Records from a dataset
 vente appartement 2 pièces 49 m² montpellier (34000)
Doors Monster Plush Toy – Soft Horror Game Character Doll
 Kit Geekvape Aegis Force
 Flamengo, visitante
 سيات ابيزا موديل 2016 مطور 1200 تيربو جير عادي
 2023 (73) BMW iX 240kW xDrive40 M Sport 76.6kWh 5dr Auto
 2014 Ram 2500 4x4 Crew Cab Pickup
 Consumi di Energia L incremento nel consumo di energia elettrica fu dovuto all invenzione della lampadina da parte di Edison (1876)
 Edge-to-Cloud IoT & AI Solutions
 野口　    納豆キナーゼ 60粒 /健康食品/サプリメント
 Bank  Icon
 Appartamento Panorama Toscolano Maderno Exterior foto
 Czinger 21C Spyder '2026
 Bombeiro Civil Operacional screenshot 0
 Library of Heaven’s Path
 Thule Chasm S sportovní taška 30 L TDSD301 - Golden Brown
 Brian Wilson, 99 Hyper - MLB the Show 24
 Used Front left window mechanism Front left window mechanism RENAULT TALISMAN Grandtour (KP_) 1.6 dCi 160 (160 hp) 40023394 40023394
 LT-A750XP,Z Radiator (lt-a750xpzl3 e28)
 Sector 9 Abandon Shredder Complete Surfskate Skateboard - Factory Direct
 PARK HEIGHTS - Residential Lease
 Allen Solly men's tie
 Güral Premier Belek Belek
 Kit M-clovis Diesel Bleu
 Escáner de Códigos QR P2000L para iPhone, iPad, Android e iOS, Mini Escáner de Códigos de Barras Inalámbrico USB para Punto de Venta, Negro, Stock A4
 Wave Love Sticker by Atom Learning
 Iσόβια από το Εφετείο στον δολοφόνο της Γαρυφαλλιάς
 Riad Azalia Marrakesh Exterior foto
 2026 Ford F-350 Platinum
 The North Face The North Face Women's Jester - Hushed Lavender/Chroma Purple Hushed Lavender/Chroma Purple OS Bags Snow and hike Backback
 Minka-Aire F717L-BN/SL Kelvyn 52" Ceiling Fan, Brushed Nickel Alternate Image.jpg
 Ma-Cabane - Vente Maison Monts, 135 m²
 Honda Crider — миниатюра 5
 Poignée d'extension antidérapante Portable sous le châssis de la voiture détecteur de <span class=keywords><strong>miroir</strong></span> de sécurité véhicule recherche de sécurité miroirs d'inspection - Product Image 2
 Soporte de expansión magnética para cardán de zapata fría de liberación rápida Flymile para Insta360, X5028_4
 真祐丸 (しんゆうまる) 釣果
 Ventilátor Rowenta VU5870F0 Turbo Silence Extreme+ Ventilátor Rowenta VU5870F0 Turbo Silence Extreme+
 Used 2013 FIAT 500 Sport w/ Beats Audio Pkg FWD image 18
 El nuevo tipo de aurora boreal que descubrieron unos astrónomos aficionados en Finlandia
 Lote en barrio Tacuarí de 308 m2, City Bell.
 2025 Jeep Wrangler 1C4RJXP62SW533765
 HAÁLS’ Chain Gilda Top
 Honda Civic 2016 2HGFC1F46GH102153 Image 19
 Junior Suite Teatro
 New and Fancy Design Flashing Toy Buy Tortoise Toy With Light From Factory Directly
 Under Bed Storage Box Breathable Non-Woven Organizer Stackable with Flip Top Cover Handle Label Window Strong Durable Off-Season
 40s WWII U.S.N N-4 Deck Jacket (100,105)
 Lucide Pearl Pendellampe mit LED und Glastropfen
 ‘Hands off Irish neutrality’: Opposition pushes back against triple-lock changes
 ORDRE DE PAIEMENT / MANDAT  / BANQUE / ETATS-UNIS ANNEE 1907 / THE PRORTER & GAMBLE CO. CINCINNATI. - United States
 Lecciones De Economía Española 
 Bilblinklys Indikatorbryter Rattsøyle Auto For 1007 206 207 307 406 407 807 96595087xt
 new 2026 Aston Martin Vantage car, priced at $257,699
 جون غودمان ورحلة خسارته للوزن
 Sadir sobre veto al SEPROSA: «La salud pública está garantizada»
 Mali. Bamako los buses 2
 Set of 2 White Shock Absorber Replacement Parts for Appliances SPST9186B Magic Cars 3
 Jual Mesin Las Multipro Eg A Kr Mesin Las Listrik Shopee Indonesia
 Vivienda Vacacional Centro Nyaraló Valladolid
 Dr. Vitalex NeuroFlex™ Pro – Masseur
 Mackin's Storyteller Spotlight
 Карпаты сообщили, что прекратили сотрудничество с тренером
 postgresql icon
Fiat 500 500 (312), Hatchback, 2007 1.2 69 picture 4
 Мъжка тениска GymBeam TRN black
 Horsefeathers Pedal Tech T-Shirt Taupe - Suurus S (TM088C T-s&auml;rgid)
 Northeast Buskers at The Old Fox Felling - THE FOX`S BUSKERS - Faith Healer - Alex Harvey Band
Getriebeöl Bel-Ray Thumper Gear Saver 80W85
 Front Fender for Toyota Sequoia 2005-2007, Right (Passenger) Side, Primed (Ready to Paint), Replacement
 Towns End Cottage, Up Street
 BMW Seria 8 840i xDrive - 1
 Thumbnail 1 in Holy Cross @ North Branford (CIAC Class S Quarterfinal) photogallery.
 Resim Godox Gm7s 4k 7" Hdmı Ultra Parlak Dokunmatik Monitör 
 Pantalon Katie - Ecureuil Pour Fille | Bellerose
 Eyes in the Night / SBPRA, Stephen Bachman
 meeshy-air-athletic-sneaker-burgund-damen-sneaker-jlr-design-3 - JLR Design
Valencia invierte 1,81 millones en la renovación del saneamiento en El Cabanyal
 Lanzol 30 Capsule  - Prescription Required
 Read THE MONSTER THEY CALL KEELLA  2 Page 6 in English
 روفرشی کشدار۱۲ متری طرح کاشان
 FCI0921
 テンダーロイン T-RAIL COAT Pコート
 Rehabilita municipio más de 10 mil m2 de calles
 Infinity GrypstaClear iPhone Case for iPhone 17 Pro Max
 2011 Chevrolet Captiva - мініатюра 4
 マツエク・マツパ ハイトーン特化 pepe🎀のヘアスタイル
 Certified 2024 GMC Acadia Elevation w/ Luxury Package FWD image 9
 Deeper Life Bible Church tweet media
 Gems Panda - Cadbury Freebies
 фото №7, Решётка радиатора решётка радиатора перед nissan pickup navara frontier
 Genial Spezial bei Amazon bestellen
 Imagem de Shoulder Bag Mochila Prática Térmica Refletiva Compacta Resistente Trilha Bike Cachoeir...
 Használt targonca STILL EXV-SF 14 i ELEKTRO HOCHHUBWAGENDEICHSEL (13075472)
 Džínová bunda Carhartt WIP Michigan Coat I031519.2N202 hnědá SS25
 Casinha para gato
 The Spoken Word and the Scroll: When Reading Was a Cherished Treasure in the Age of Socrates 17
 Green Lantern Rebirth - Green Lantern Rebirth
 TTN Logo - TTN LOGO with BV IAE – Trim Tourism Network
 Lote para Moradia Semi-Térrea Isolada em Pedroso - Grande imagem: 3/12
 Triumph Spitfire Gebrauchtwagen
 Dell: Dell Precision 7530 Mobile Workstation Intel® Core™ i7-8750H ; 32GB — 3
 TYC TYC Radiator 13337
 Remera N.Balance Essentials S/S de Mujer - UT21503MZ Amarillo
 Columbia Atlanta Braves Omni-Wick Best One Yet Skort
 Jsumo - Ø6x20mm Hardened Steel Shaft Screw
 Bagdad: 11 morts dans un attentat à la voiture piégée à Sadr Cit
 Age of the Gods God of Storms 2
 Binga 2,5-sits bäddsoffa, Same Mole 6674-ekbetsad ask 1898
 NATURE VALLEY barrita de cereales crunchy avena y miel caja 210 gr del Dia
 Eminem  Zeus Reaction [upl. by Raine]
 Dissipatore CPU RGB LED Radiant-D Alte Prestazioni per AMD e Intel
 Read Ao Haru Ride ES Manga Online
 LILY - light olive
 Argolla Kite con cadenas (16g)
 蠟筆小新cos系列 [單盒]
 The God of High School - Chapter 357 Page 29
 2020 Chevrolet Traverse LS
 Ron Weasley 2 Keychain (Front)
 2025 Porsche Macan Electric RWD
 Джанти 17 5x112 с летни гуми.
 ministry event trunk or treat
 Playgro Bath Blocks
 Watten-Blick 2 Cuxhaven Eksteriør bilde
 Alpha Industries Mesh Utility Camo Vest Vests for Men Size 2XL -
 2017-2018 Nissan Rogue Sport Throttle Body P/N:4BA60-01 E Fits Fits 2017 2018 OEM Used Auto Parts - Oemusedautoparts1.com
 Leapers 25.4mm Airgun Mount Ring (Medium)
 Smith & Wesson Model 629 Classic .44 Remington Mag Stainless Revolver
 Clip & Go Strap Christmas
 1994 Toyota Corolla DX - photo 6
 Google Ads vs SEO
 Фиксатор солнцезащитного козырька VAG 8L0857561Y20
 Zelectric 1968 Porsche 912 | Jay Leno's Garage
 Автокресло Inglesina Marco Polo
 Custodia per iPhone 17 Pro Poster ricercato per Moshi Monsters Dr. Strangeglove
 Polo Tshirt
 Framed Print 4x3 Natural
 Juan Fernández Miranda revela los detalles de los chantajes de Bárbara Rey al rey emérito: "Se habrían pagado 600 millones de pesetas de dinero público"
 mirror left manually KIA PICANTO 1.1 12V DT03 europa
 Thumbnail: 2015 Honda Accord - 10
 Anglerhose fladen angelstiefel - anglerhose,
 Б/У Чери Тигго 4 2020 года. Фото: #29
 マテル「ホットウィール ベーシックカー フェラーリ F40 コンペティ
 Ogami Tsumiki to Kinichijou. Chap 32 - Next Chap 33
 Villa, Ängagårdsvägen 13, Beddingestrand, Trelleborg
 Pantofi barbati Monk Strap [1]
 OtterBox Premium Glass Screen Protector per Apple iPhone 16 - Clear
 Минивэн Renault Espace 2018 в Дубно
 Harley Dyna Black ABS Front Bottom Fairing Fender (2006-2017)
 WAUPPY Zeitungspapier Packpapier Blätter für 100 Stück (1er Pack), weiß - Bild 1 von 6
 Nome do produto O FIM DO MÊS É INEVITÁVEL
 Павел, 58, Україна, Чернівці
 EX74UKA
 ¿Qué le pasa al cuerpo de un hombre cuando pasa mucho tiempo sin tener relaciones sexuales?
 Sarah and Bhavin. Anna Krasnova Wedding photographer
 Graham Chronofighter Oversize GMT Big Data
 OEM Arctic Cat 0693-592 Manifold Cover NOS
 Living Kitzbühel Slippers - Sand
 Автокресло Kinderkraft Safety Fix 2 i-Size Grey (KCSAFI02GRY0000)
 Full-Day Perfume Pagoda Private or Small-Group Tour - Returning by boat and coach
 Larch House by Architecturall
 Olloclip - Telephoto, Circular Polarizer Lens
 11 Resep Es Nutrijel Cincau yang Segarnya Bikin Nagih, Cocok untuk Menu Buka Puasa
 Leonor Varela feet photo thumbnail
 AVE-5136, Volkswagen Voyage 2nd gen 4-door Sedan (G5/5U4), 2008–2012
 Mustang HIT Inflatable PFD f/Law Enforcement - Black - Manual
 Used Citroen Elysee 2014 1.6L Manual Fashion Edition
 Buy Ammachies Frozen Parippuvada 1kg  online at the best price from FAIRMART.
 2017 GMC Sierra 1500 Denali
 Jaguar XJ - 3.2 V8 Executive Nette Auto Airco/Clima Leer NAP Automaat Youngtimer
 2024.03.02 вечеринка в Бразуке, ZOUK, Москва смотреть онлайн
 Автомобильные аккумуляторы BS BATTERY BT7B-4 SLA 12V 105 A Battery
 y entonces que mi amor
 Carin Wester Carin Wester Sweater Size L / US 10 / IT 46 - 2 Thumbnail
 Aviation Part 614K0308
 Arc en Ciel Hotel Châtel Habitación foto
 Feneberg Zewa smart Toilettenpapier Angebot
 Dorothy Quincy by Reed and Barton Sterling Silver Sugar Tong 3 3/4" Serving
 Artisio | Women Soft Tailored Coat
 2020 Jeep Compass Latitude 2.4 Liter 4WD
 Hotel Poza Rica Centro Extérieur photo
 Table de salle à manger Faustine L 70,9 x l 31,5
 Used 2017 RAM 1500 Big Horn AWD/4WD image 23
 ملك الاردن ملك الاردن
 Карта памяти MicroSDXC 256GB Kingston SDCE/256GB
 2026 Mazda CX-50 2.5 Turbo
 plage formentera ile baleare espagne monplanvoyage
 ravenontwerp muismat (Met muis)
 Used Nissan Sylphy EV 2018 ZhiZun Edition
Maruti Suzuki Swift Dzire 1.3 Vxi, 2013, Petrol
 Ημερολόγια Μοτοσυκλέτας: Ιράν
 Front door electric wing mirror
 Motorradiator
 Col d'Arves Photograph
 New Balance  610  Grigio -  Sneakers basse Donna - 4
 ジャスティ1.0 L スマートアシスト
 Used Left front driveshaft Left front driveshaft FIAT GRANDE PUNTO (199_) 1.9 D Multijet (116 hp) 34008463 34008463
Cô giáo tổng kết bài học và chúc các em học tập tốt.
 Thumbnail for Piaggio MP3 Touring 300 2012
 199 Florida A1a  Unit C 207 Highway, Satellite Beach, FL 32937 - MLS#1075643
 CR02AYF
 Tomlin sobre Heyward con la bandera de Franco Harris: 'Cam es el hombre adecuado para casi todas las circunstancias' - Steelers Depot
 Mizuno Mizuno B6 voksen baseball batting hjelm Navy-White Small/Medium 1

WHAT THE EXERCISE ASKS
Begin at the first line of the entries above and copy every line exactly, ending with the line that contains "Honda Crider — миниатюра 5".

ANSWER SPACE
 vente appartement 2 pièces 49 m² montpellier (34000)
Doors Monster Plush Toy – Soft Horror Game Character Doll
 Kit Geekvape Aegis Force
 Flamengo, visitante
 سيات ابيزا موديل 2016 مطور 1200 تيربو جير عادي
 2023 (73) BMW iX 240kW xDrive40 M Sport 76.6kWh 5dr Auto
 2014 Ram 2500 4x4 Crew Cab Pickup
 Consumi di Energia L incremento nel consumo di energia elettrica fu dovuto all invenzione della lampadina da parte di Edison (1876)
 Edge-to-Cloud IoT & AI Solutions
 野口　    納豆キナーゼ 60粒 /健康食品/サプリメント
 Bank  Icon
 Appartamento Panorama Toscolano Maderno Exterior foto
 Czinger 21C Spyder '2026
 Bombeiro Civil Operacional screenshot 0
 Library of Heaven’s Path
 Thule Chasm S sportovní taška 30 L TDSD301 - Golden Brown
 Brian Wilson, 99 Hyper - MLB the Show 24
 Used Front left window mechanism Front left window mechanism RENAULT TALISMAN Grandtour (KP_) 1.6 dCi 160 (160 hp) 40023394 40023394
 LT-A750XP,Z Radiator (lt-a750xpzl3 e28)
 Sector 9 Abandon Shredder Complete Surfskate Skateboard - Factory Direct
 PARK HEIGHTS - Residential Lease
 Allen Solly men's tie
 Güral Premier Belek Belek
 Kit M-clovis Diesel Bleu
 Escáner de Códigos QR P2000L para iPhone, iPad, Android e iOS, Mini Escáner de Códigos de Barras Inalámbrico USB para Punto de Venta, Negro, Stock A4
 Wave Love Sticker by Atom Learning
 Iσόβια από το Εφετείο στον δολοφόνο της Γαρυφαλλιάς
 Riad Azalia Marrakesh Exterior foto
 2026 Ford F-350 Platinum
 The North Face The North Face Women's Jester - Hushed Lavender/Chroma Purple Hushed Lavender/Chroma Purple OS Bags Snow and hike Backback
 Minka-Aire F717L-BN/SL Kelvyn 52" Ceiling Fan, Brushed Nickel Alternate Image.jpg
 Ma-Cabane - Vente Maison Monts, 135 m²
 Honda Crider — миниатюра 5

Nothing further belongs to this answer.